Content starts

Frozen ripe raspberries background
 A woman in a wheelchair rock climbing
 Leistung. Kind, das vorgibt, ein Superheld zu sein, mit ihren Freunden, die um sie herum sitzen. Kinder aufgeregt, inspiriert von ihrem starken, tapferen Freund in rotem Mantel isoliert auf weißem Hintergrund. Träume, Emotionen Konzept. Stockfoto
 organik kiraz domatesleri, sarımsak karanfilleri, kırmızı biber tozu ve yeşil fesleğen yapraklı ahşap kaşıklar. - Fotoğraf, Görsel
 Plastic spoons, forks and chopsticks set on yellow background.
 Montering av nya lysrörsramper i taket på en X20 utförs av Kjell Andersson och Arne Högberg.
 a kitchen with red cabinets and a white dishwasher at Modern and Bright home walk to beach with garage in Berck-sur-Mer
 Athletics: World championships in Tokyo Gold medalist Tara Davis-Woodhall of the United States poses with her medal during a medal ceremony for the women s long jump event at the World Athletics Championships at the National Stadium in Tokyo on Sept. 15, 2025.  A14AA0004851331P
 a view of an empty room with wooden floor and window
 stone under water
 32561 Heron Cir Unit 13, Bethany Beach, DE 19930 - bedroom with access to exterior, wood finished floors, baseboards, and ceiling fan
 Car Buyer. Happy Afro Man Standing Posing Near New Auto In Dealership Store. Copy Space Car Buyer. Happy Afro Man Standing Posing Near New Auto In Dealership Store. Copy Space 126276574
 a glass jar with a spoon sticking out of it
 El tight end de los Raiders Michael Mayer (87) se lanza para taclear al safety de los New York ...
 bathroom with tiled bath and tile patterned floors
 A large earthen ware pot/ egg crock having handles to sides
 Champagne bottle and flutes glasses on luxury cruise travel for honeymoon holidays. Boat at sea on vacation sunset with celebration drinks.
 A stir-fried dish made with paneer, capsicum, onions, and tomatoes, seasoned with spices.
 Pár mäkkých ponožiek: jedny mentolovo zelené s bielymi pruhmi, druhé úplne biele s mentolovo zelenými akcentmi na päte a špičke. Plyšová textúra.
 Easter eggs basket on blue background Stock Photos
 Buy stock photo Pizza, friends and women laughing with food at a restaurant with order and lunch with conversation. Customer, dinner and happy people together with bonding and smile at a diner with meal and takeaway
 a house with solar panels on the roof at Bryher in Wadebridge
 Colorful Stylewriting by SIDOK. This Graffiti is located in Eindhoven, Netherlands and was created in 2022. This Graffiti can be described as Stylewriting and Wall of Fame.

Content ends

▸ **Exercise directions**
Retype the listing above, exactly and in full.

▸ **Answer box**
Frozen ripe raspberries background
 A woman in a wheelchair rock climbing
 Leistung. Kind, das vorgibt, ein Superheld zu sein, mit ihren Freunden, die um sie herum sitzen. Kinder aufgeregt, inspiriert von ihrem starken, tapferen Freund in rotem Mantel isoliert auf weißem Hintergrund. Träume, Emotionen Konzept. Stockfoto
 organik kiraz domatesleri, sarımsak karanfilleri, kırmızı biber tozu ve yeşil fesleğen yapraklı ahşap kaşıklar. - Fotoğraf, Görsel
 Plastic spoons, forks and chopsticks set on yellow background.
 Montering av nya lysrörsramper i taket på en X20 utförs av Kjell Andersson och Arne Högberg.
 a kitchen with red cabinets and a white dishwasher at Modern and Bright home walk to beach with garage in Berck-sur-Mer
 Athletics: World championships in Tokyo Gold medalist Tara Davis-Woodhall of the United States poses with her medal during a medal ceremony for the women s long jump event at the World Athletics Championships at the National Stadium in Tokyo on Sept. 15, 2025.  A14AA0004851331P
 a view of an empty room with wooden floor and window
 stone under water
 32561 Heron Cir Unit 13, Bethany Beach, DE 19930 - bedroom with access to exterior, wood finished floors, baseboards, and ceiling fan
 Car Buyer. Happy Afro Man Standing Posing Near New Auto In Dealership Store. Copy Space Car Buyer. Happy Afro Man Standing Posing Near New Auto In Dealership Store. Copy Space 126276574
 a glass jar with a spoon sticking out of it
 El tight end de los Raiders Michael Mayer (87) se lanza para taclear al safety de los New York ...
 bathroom with tiled bath and tile patterned floors
 A large earthen ware pot/ egg crock having handles to sides
 Champagne bottle and flutes glasses on luxury cruise travel for honeymoon holidays. Boat at sea on vacation sunset with celebration drinks.
 A stir-fried dish made with paneer, capsicum, onions, and tomatoes, seasoned with spices.
 Pár mäkkých ponožiek: jedny mentolovo zelené s bielymi pruhmi, druhé úplne biele s mentolovo zelenými akcentmi na päte a špičke. Plyšová textúra.
 Easter eggs basket on blue background Stock Photos
 Buy stock photo Pizza, friends and women laughing with food at a restaurant with order and lunch with conversation. Customer, dinner and happy people together with bonding and smile at a diner with meal and takeaway
 a house with solar panels on the roof at Bryher in Wadebridge
 Colorful Stylewriting by SIDOK. This Graffiti is located in Eindhoven, Netherlands and was created in 2022. This Graffiti can be described as Stylewriting and Wall of Fame.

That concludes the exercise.